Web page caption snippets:
____
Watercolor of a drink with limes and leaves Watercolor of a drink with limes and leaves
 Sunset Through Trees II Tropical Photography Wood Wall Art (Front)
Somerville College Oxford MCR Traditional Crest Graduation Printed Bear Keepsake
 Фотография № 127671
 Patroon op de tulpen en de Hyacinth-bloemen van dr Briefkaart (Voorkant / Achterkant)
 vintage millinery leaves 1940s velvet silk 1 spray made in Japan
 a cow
____
• ASSIGNMENT: Please print out every entry again, exactly as it reads.

• ANSWER BOX:
Watercolor of a drink with limes and leaves Watercolor of a drink with limes and leaves
 Sunset Through Trees II Tropical Photography Wood Wall Art (Front)
Somerville College Oxford MCR Traditional Crest Graduation Printed Bear Keepsake
 Фотография № 127671
 Patroon op de tulpen en de Hyacinth-bloemen van dr Briefkaart (Voorkant / Achterkant)
 vintage millinery leaves 1940s velvet silk 1 spray made in Japan
 a cow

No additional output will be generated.